In GwenAntell/kerneval: Kernel density estimation with selection-biased data

library(pracma)
library(GoFKernel)
#devtools::install_github('GawainAntell/kerneval')
library(kerneval)

knitr::opts_chunk$set(
  collapse = TRUE,
  comment = "#>"
)

Overview
- Why use kernels?
- How does it work?
- When should one use kerneval?
Mathematical framework
Transformed density estimation
Weighted density estimation
- Bootstrap bandwidth selection
Examples
- Length bias and inverse length bias
- Polynomial bias function
References

\newpage

Overview

Why use kernels?

Kernel density estimation (KDE) is a foundational method in nonparametric statistics. Practical applications abound, from ecology to engineering. There are also theoretical applications of kernels to other statistical methods, such as spline smoothing and machine learning. KDE has achieved its prominence because the basic method is a straightforward, elegant, and effective way to generate a smooth probability distribution function (PDF) from a finite vector of numeric observations. Many R users will be familiar already with kernel-smoothed data visualisations, such as ggplot2::geom_density().

How does it work?

One can find a brief summary of KDE in nearly any basic statistics textbook (e.g. @Wasserman06). Silverman [-@Silverman86] gives a more thorough introduction to the topic and writes for accessibility towards readers at a range of experience levels. Many explanations of KDE start with histograms, which are a simple variation on KDE wherein the observations are binned. Graphically, a probability function can be visualised by stacking a rectangle in the bin containing each observation. The width of the rectangle along the x-axis is the 'bandwidth' in KDE terminology. The height is scaled such that the probability sums to unity across a given interval. One need not bin the axis, however; one could instead place a rectangle directly at the x-value of each observation. The result is a step-wise function (the summed height of all rectangles at any given x-value), which is more jagged than a regular histogram and is called a naive estimator. One step further, one could replace rectangles with Gaussian curves (or triangles, or another distribution for the kernel). These options are available in the density() function from the base stats package. There are more than 100 other R packages that also involve KDE. For a comparison of the functionality and performance of 15 major KDE packages, a starting place is Deng and Wickham's [-@Deng11] review.

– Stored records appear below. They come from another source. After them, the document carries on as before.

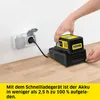 Kärcher Starter Kit Alimentazione a batteria 18/50 Anteprima dell’immagine prodotto 17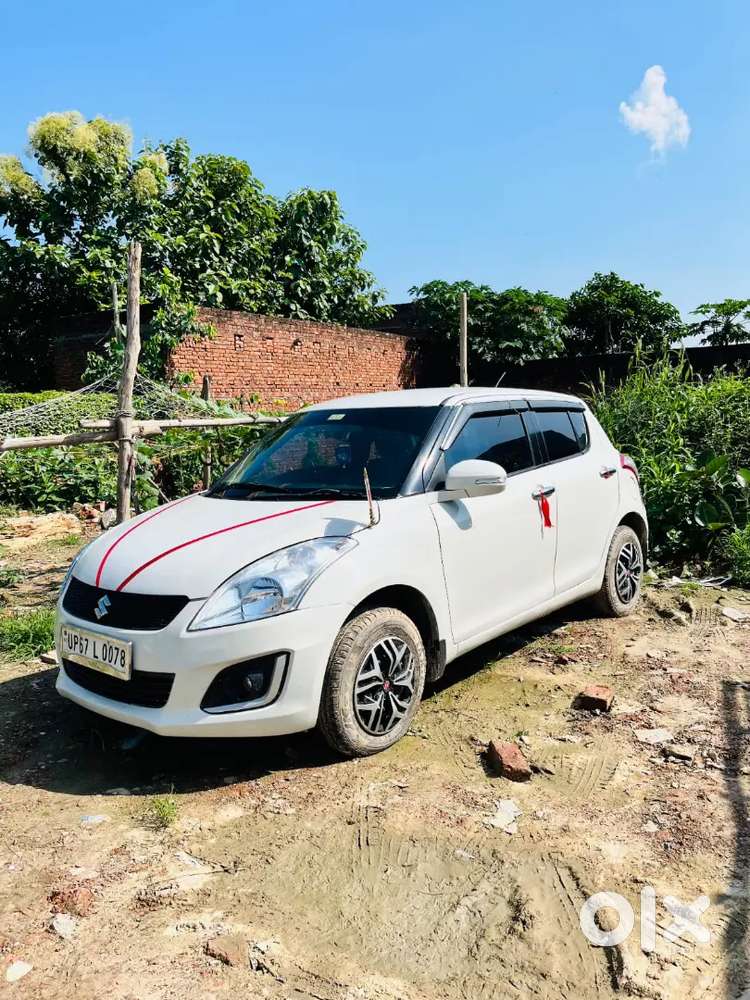 Maruti Suzuki Swift 2014 Diesel 93000 Km Driven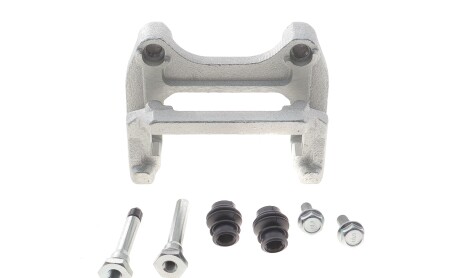 Скоба супорта (заднього) Mazda CX-5 11-14 (MAZDA) - BUDWEG CALIPER 384877-1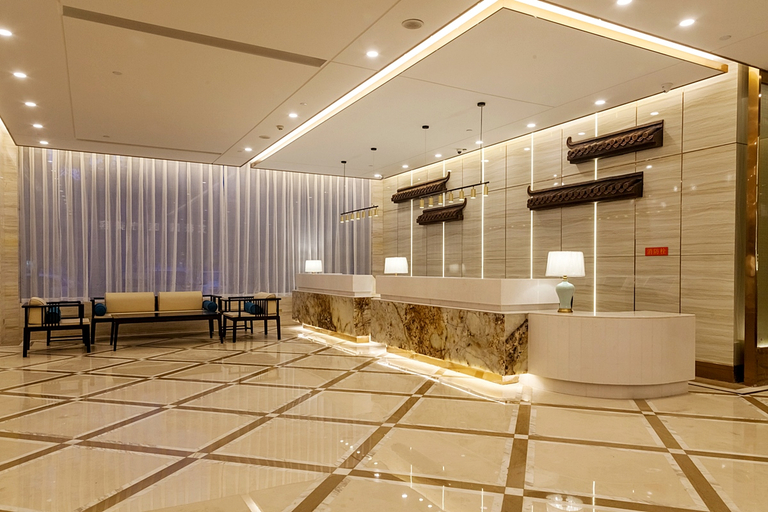 Others 4, Fuzhou HuaPu Hotel, Fuzhou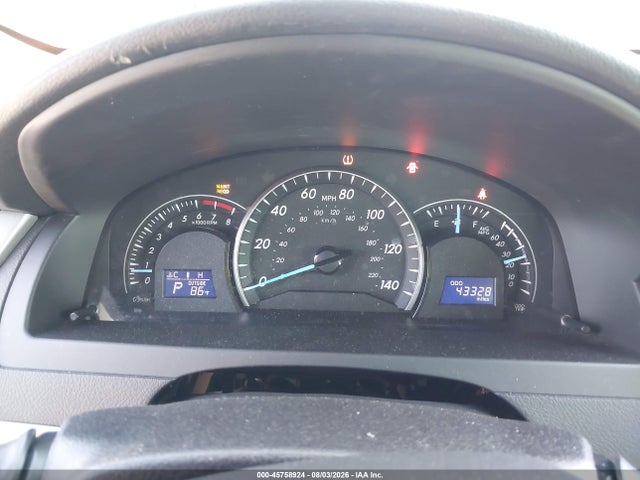 Продажа на аукционе авто 2014 Toyota Camry Le, vin: 4T4BF1FK6ER388231, номер лота: 45758924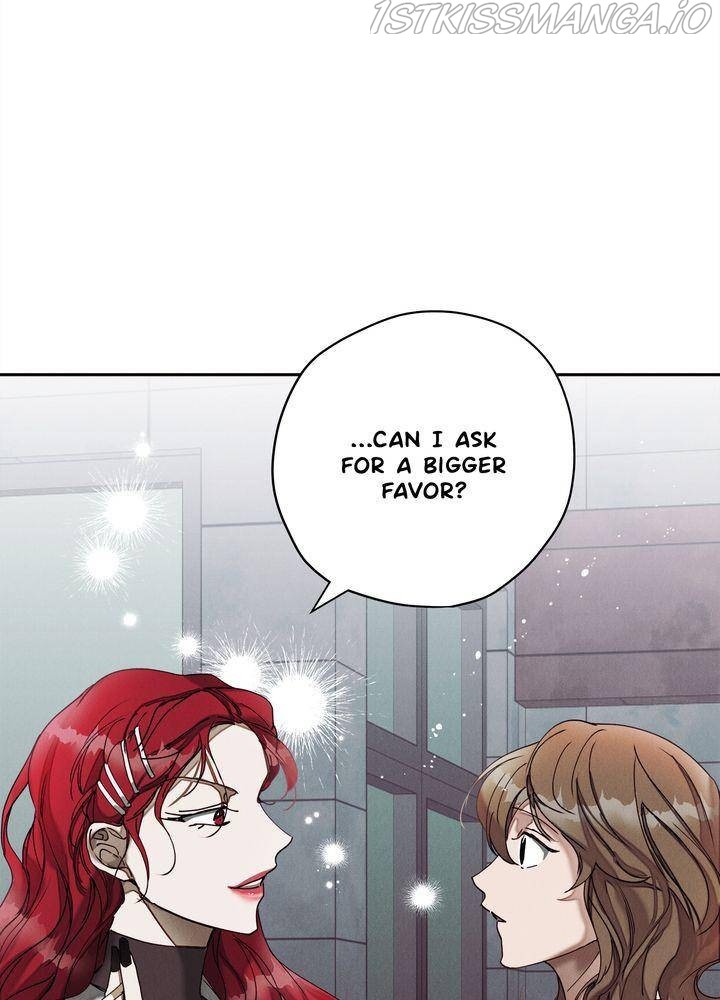 Savior – Manga Chapter 15 - page 1
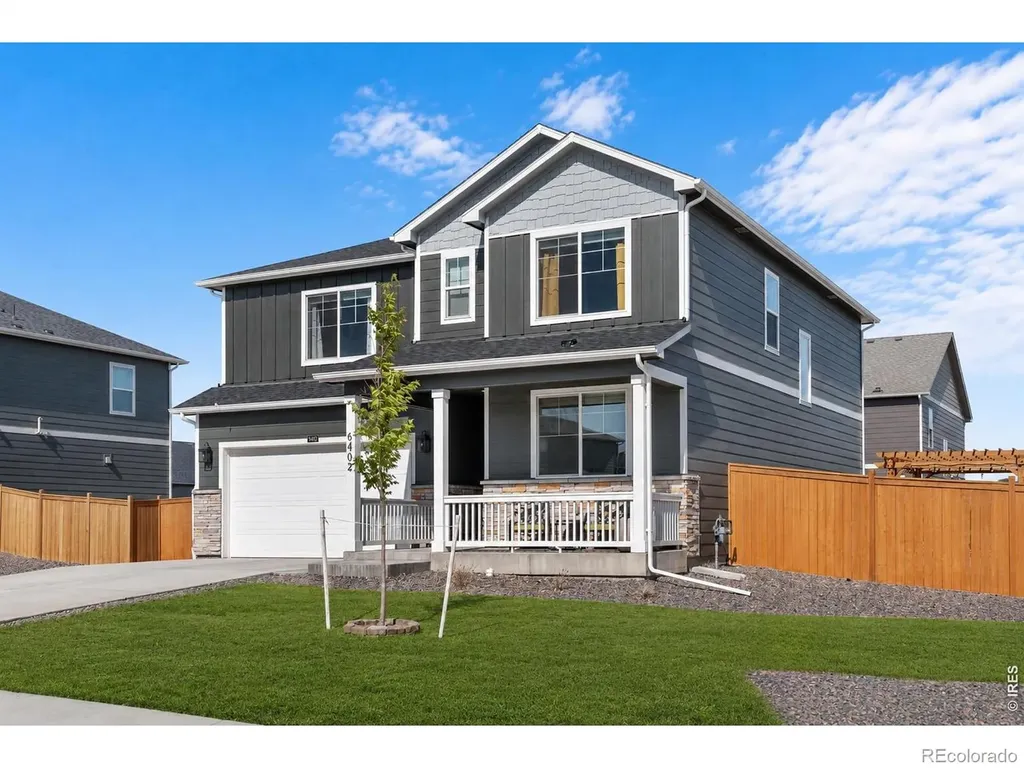 6402 Coralbell Street Wellington CO 80549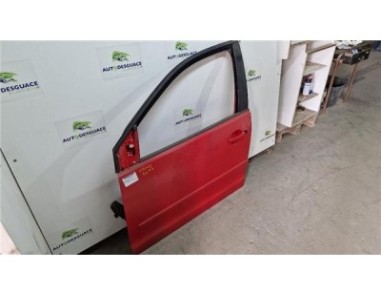 Puerta Delantera Izquierda Volkswagen POLO 1 2 
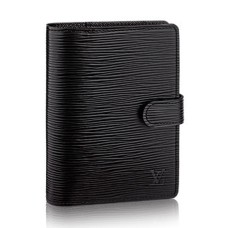 Louis Vuitton R20052 Cubierta de agenda de anillo pequeño Epi Cuero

When should one use kerneval?

Most density estimation methods assume that the probability of observing an event (independent of the event occurring) is constant across the interval of estimation. However, many empirical datasets violate this assumption. For instance, in some cases the observation rate increases linearly as a function of $x$, so-called length bias or size bias.

kerneval implements methods to account for observation bias (also called selection bias) when estimating probability densities. The package can accommodate length-biased data or data with more complicated bias functions defined for any $x$ in the study interval. The estimation steps will not eliminate bias, but they will reduce it, and the error of the estimate will decrease with sample size---as is the case for most statistical methods for biased data.

Mathematical framework

The point of KDE is to estimate a probability density function, $f(x)$. The estimate is notated $\hat f(x)$. Without selection bias (a case equivalent to a uniform bias function), observations are drawn directly from distribution $F$. However, when there exists selection bias, observations are drawn from $G$, which can be described as the scaled product of $f(x)$ and a weight function, $w(x)$:

\begin{equation} g(x) = \frac{w(x)f(x)}{\mu_w} \end{equation}

$$\textrm{where } u_w = \int w(u)f(u)du < \infty.$$ Note that this requires $w(u) > 0$ for all $u$. In the case of length-biased data, $w(x) = x$.

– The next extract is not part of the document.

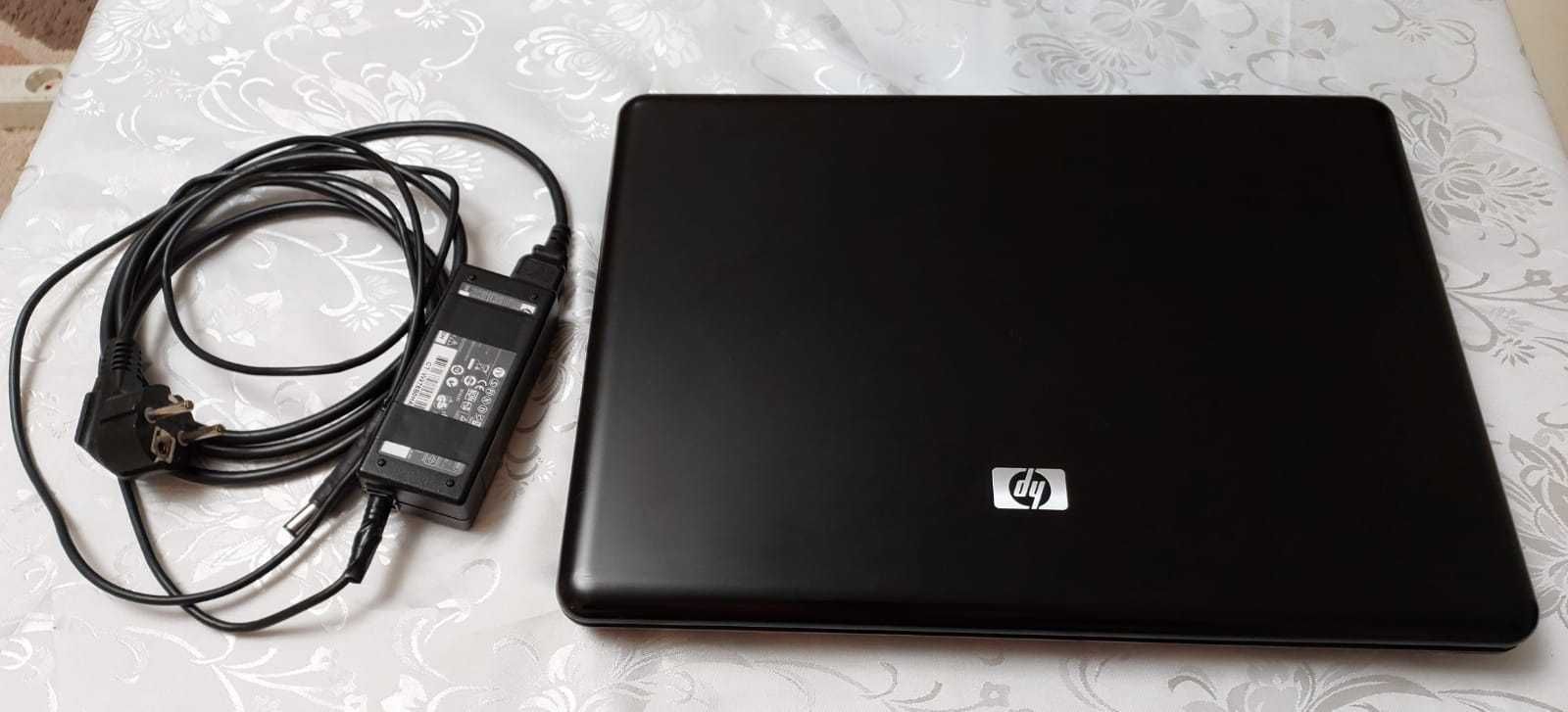 Laptop HP Compaq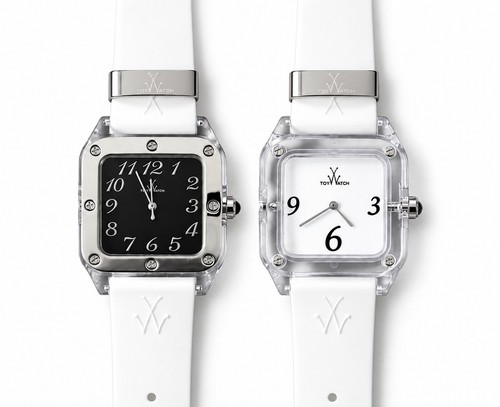 Toywatch twin time double - twin,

Many statisticans attribute the first treatment of the length-bias problem to Cox [-@Cox69], who investigated an example in textile fibre manufacturing. Cristobal and Alcala [-@Cristobal01] trace the ideas to earlier works by Fisher and Rao, however. Vardi [-@Vardi82] proved that Cox's approach was the nonparametric maximum likelihood estimator. Jones [-@Jones91] found a kernel density estimator for this NPMLE, which has been widely adopted and extended. Borrajo and others [-@Borrajo17] developed a bootstrapping approach to bandwidth selection for Jones' weighted KDE. Barmi and Simonoff [-@Barmi00] evaluated an alternative approach: transforming the biased data, conducting classical KDE, and then back-transforming and rescaling the density. kerneval contains tools for both the weighting and transformation approaches to calculate $\hat f(x)$ based on a random sample of $n$ observations drawn from $G$.

Transformed density estimation

Barmi and Simonoff [-@Barmi00] proposed an elegant strategy to estimate density functions from selection-biased samples. The premise is that one may transform the empirical sample to an unbiased space, perform any type of established density estimation, and then back-transform to the original scale to interpret the estimate. This approach has been described as 'adjust-first, smooth-later' because there is no need to modify the density estimation step. For instance, one could perform KDE with a Gaussian kernel and rule-of-thumb bandwidth, so long as KDE is done in the transformed space. The alternative approach involves weighting the kernels (described below) to adjust the estimation concurrent with smoothing.

Continuing with the mathematical notation of Eq. 1, let $X_1, X_2, ..., X_n$ be a random sample of $n$ observations from $G$. To transform these empirical data, calculate the cumulative distribution function of the bias function, $W(x) = \int_0^x w(u)du$. Define $Y_i = W(X_i)$ for $i = 1, 2, ..., n$. To estimate the true probability distribution function $f$,

Perform density estimation on the sample $Y_1, Y_2, ..., Y_n$
Back-transform from the $y$ to $x$ axis, using $W^{-1}(y)$
Scale the density by a constant ($\hat{\mu}$) such that the function integrates to unity

The transdens() function evaluates these steps, calling the inverse() function from GoFKernel [@Pavia15] to estimate the inverse cumulative distribution function, $W^{-1}$.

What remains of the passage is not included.